Brett Hawke

Personal information
- Full name: Brett Geoffrey Hawke
- National team: Australia
- Born: 2 June 1975 (age 51) Sydney, New South Wales
- Height: 1.86 m (6 ft 1 in)
- Weight: 86 kg (190 lb)

Sport
- Sport: Swimming
- Strokes: Freestyle
- College team: Auburn University (US)

Medal record
Men's swimming
Representing Australia
World Championships (SC)
| Silver medal – second place | 1995 Rio | 4x100 m freestyle |
| Silver medal – second place | 2002 Moscow | 4x100 m medley |
Goodwill Games
| Bronze medal – third place | 2001 Brisbane | 50 m freestyle |
Pan Pacific Championships
| Bronze medal – third place | 2002 Yokohama | 50 m freestyle |
Commonwealth Games
| Silver medal – second place | 2002 Manchester | 50 m freestyle |
| Silver medal – second place | 2006 Melbourne | 4x100 m freestyle |
| Bronze medal – third place | 2006 Melbourne | 50 m freestyle |

= Brett Hawke =

Australian swimmer

Brett Geoffrey Hawke (born 2 June 1975) is a former competitive swimmer who represented Australia at the 2000 Summer Olympics and 2004 Summer Olympics. He was the head coach of the Auburn Tigers swimming and diving team of Auburn University in the United States until 28 March 2018.

==Swimming career==

Hawke received an athletic scholarship to attend Auburn University in Auburn, Alabama, and swam for the Auburn Tigers swimming and diving team in National Collegiate Athletic Association (NCAA) and Southeastern Conference (SEC) competition from 1996 to 1999. He received seventeen All-American honors and was a nine-time NCAA individual champion, and helped Auburn win two national team championships in his three years as a student-athlete.
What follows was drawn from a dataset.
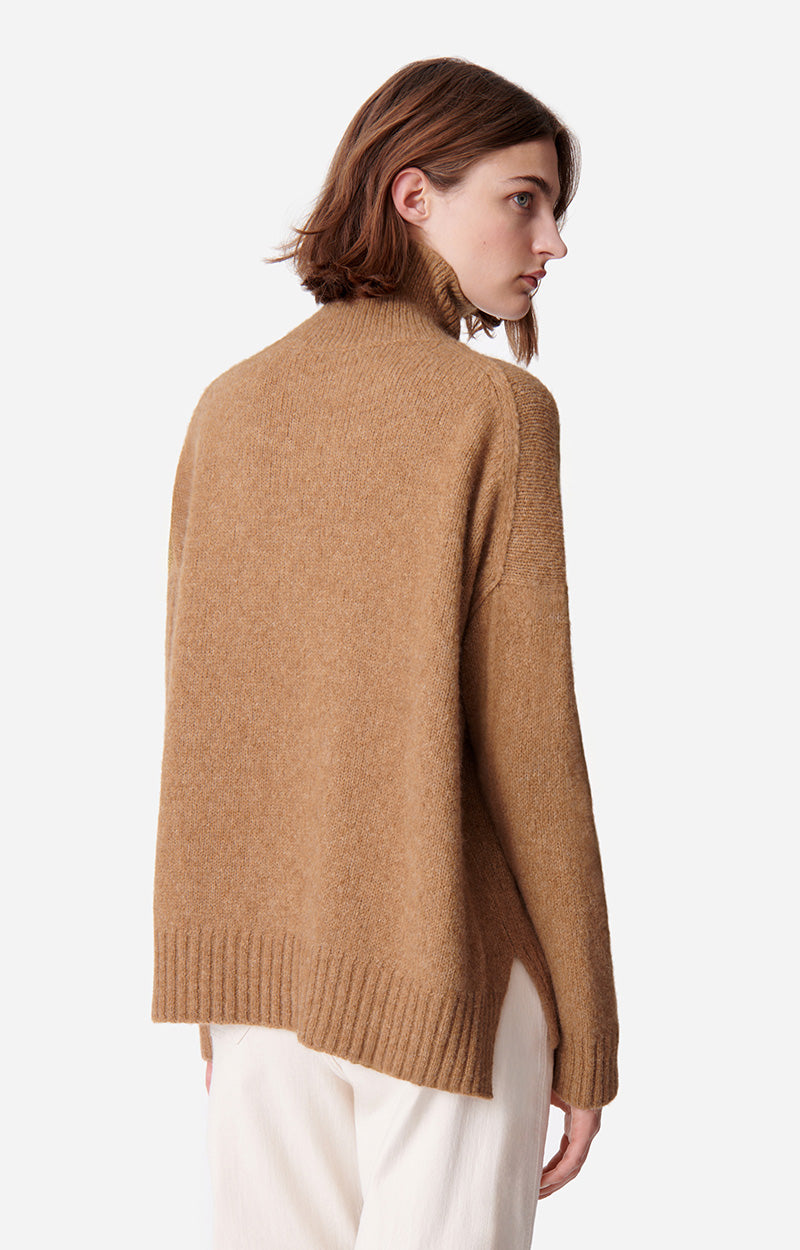14 QTY NEW // CAMEL / Pull Balade - CAMEL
Hawke returned to Australia in 1999. For much of his career, Hawke was regarded as the top sprinter in Australia. He is a five-time Australian national champion and former Australian record-holder in the 50-metre freestyle (22.07), which he set in the semifinals of the 2004 Summer Olympics. Hawke retired from competitive swimming after the 2006 Commonwealth Games in Melbourne, where he won the bronze in the 50-metre freestyle and a silver medal as a member of the second-place Australian team in the 4x100-metre freestyle relay. Hawke finished his career with seven international medals.

Hawke trained at The Race Club, a swimming techniques training club founded by Olympic Swimmers Gary Hall, Jr. and his father, Gary Hall, Sr. The Race Club, originally known as "The World Team," was designed to serve as a training group for elite swimmers across the world in preparation for the 2000 Summer Olympics in Sydney. To be eligible to train with the Race Club, a swimmer must either have been ranked in the top 20 in the world the past 3 calendar years or top 3 in their nation in the past year. The Race Club included such well known swimmers as Roland Schoeman, Mark Foster, Ryk Neethling, and Therese Alshammar.

==Coaching career==

Hawke returned to Auburn in 2006 to serve as an assistant under his former head coach David Marsh. In 2007, Marsh left Auburn and was replaced by Richard Quick. In 2009, Hawke was named head coach after Quick died from an inoperable brain tumor. Quick and Hawke were named 2009 CSCAA Coaches of the Year after the men's swimming and diving program won the national title.

He became a United States citizen in 2009, saying that one of his goals is to coach the U.S. Olympic team in future games.

He was the head coach of the Auburn Tigers swimming and diving team of Auburn University in the United States until 28 March 2018 In October, 2018, Hawke joined the Fitter and Faster Team.

On Tuesday, May 20th, 2025, Hawke was named Head Swim Coach of the Enhanced Games.